Gel questions?

rgesualdo

New member
in the following situations what kind of gels would you use, taking in consideration I'll be shooting with kodak 250T film stock on a super 16mm CP16 camera and i have tungsten lights.

living room with sliding door (lots of daylight coming trough), I will need to light with my tungsten lights part of the living room where the light is not as strong?

Lets say i have faster film and need to shoot a scene in a bedroom where the light will come from the window and i want the blue cast we are used to perceive as moon light. how can i accomplish that, should i set the lights outside shoot the grey card and then put gel on the lights? or put gel and then shoot the grey card?
 
Well, there is no 250T Kodak stock so I'm going to assume you mean the 200T stock, 7217...

If you have real daylight coming in, and you want to match your tungsten lights to that, you have to either gel the windows with Full CTO or Sun 85, or gel the tungsten lights with Full CTB (and thus lose two-stops of light output from them.) This is always the problem with shooting day interior scenes with small tungsten lights.

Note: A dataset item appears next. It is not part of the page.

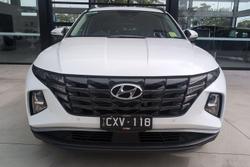 2024 Hyundai Tucson Elite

You may be better off getting some daylight Kinoflos and small HMI's. Unless it is a small window that is easy and cheap to gel to 3200K.

As for a moonlight scene, I would use 1/2 CTB on the lights, but remember to shoot your grey scale under white (3200K) light first, and make a note somewhere that the scene is lit for blue moonlight. You can make it look a little bluer than a 1/2 CTB gives you if you shoot the grey scale with a little warming gel on the grey scale light, like a 1/4 CTO.
 
thanks a lot

thanks a lot

If i match my tungsten (by using full ctb) to the light coming in from the window wouldnt the film be blueish when developed due to the fact that is tungsten film?

Im new to all this, but I really want be a cinematographer, would you advice to some one like me to get a still slr 35mm camera or a digital in order to practice.

again your advice is golden, b/c I have a hard time getting advice or having my concerns and questions answer down here in miami.

thanks a lot
 
Yes, if you gel the tungsten to match the daylight, now everything is 5500K and will be blue-ish on the negative unless you put an 85B filter on the camera to correct it overall to 3200K. Or you can correct the blue out in post by shooting the grey scale under the same blue light and having the colorist make it neutral. Or you can use a partial correction filter like an 81EF or a LLD or any pale warming filter, shoot the grey scale under the same filter correction, let the colorist make it neutral in the transfer or print.

You can practice certain things on a DSLR.